Joseph Noderer
Project Space: new drawings by Nina Rizzo and Michelle Wasson
February 22nd – March 29th, 2008
Opening reception Friday, February 22nd, 6-9 pm
Linda Warren Gallery is proud to announce the opening of Joseph Noderer’s first solo exhibition in the gallery. Noderer’s paintings, boldly simplistic and direct, compellingly deliver mood, mystery and poetry. His subject matter is unpretentious: houses, trees and skies predominate. They can be read as psychological landscapes, even the occasional portrait. Noderer works from reality, using photography as source material to assist in color palette, form and composition. Some of these consequential photos will also be on display. Ultimately, however, they are fictitious spaces, a pastiche of deconstructed and reconstructed elements woven together to create new situations of decidedly more personal significance and meaning.
Elements from Noderer’s immediate environment in Chicago are often used and combined with marks and manifestations from other areas that he has either lived in or visited that resonate deeply for him — especially the land surrounding his beloved hometown area in Western Pennsylvania. “Painting is a way to externalize how all of my different influences color the way that I see the world that I live in…through these places I see something personally compelling, but I also see in them reflections of traditional American culture. I find the reflections of folk stories, music and painting in what I see around me. I want to express that connection through my work without being beholden to it. I feel as though I am a part of these traditions, an extension of them.”
Noderer’s ability to make epic statements about something as simple as one’s own backyard or windowsill is his goal and his accomplishment. So unmistakable is Noderer’s pleasure to actually be in the new settings he formulates that the invitation to partake of them, so genuinely offered, is so readily accepted.

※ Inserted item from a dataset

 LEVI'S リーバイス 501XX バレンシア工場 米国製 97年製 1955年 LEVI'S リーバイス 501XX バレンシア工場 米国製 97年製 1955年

Joseph Noderer received his BFA at Tyler School of Art in 2001 and his MFA at The School of the Art Institute in Chicago in 2006. Though just at the start of a promising career, his work is already in several prestigious private collections, as well as a recent acquisition by the Nerman Museum of Contemporary Art in Kansas City.

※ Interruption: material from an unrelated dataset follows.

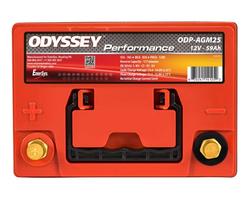Odyssey Battery ODP-AGM25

Exhibiting in the Project Space are collaborative works on paper by Nina Rizzo and Michelle Wasson. The overlap of the individual practice of both artists includes an investigation of architecture, imagined landscape, two-dimensional space, the relationship between the organic and the structural, science fiction, geometry and liquid materials. Trust replaced rules and each maker began these works on paper, traded them, finished some, or traded back again.